* **WORK INSTRUCTION**: From the entries below, write out exactly the lines between the line holding "Op Art 60s Dress" and the line holding "A senior and", inclusive, excluding any pictures.

* **GIVEN RECORDS**:
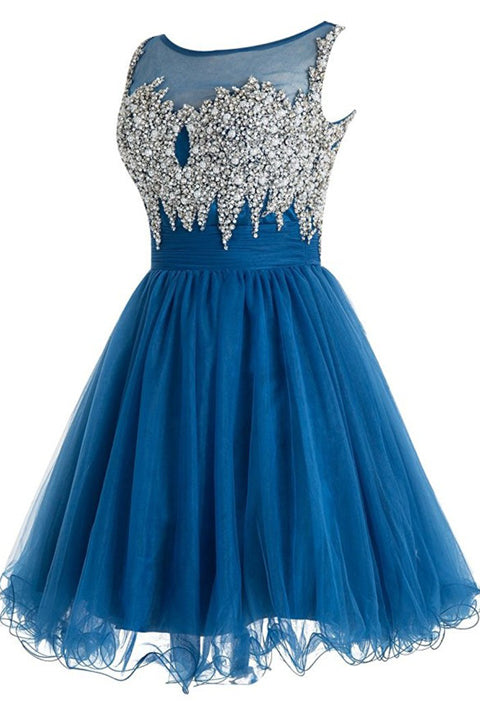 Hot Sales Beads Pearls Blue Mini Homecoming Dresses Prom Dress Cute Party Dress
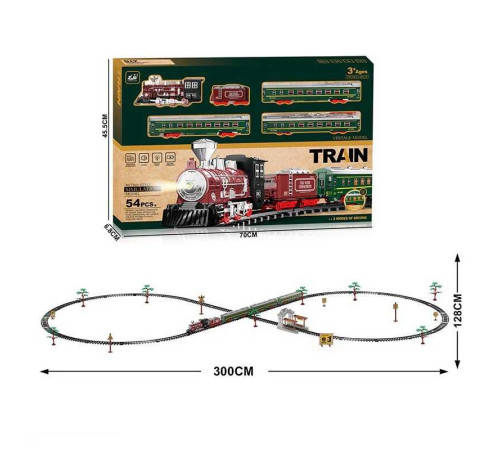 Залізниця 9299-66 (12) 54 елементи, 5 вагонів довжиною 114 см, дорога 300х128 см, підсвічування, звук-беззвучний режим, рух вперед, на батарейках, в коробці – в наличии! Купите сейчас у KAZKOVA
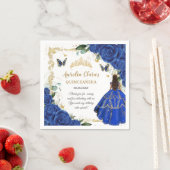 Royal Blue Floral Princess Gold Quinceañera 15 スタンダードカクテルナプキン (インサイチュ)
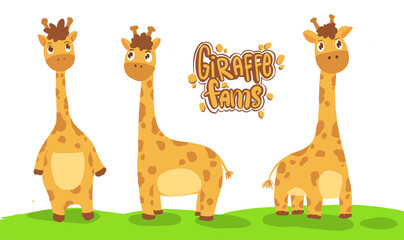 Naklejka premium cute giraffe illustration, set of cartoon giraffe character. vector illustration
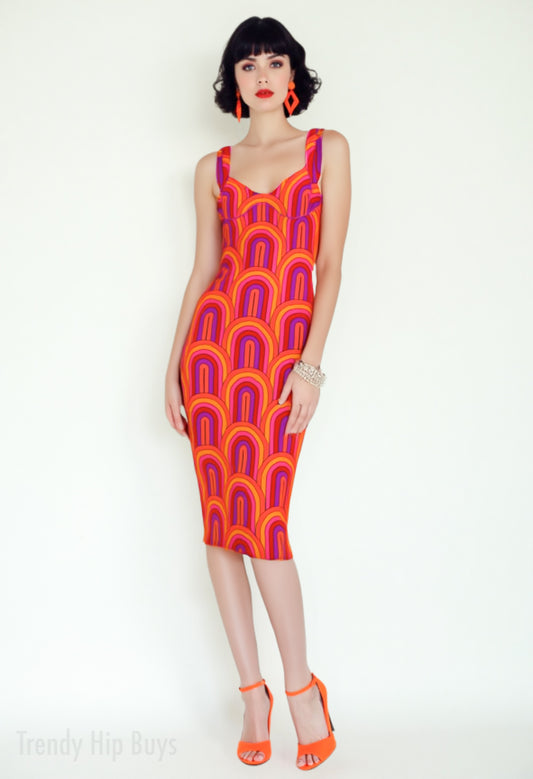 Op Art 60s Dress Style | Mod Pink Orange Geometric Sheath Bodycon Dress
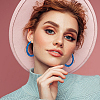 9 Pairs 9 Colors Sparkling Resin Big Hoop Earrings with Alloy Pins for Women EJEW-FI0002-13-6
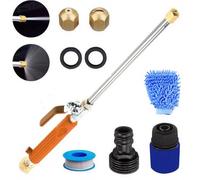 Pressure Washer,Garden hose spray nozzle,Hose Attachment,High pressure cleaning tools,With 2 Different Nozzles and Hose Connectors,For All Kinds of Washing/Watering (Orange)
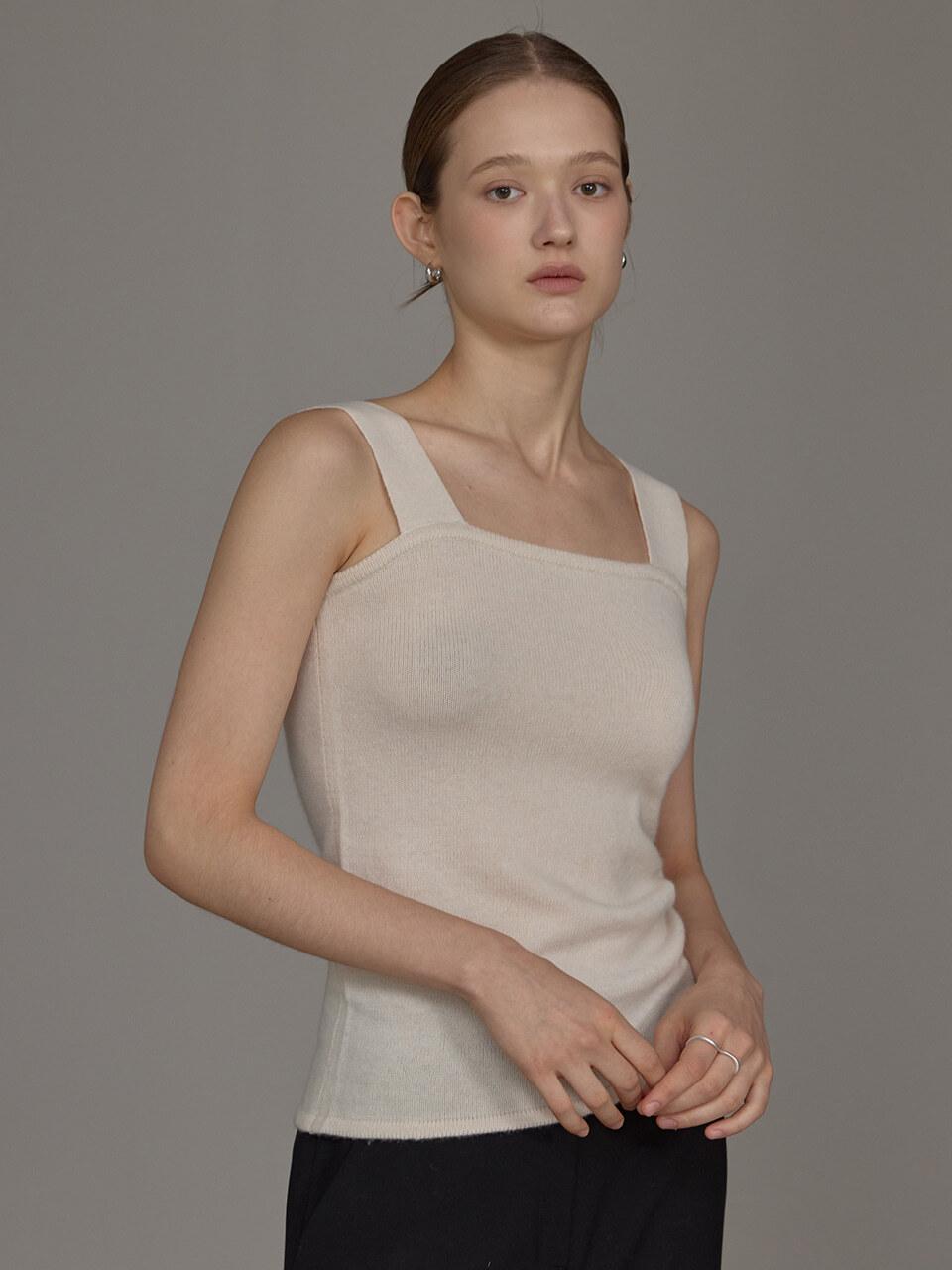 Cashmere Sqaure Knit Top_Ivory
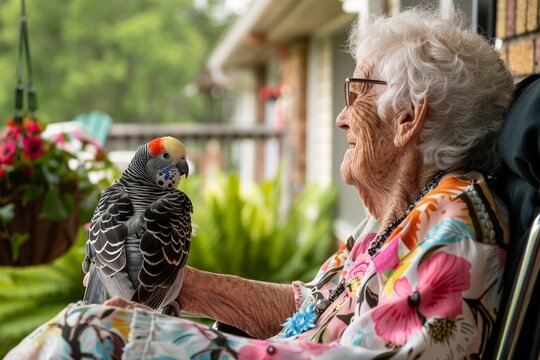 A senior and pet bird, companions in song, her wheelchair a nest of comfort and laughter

--

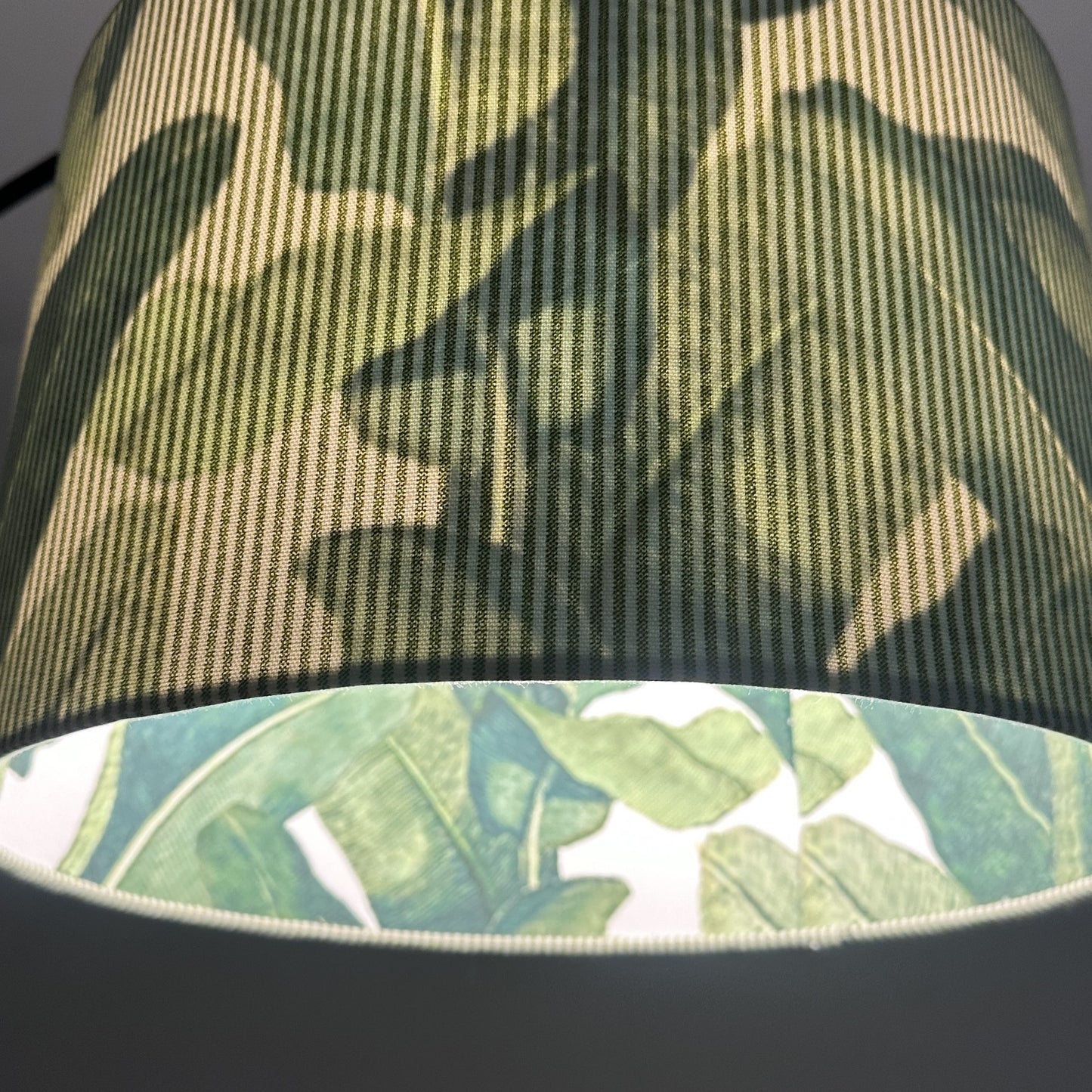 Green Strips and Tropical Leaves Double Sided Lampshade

* **TASK ANSWER**:
 Op Art 60s Dress Style | Mod Pink Orange Geometric Sheath Bodycon Dress
 9 Pairs 9 Colors Sparkling Resin Big Hoop Earrings with Alloy Pins for Women EJEW-FI0002-13-6
 Pressure Washer,Garden hose spray nozzle,Hose Attachment,High pressure cleaning tools,With 2 Different Nozzles and Hose Connectors,For All Kinds of Washing/Watering (Orange)
 Cashmere Sqaure Knit Top_Ivory
 A senior and pet bird, companions in song, her wheelchair a nest of comfort and laughter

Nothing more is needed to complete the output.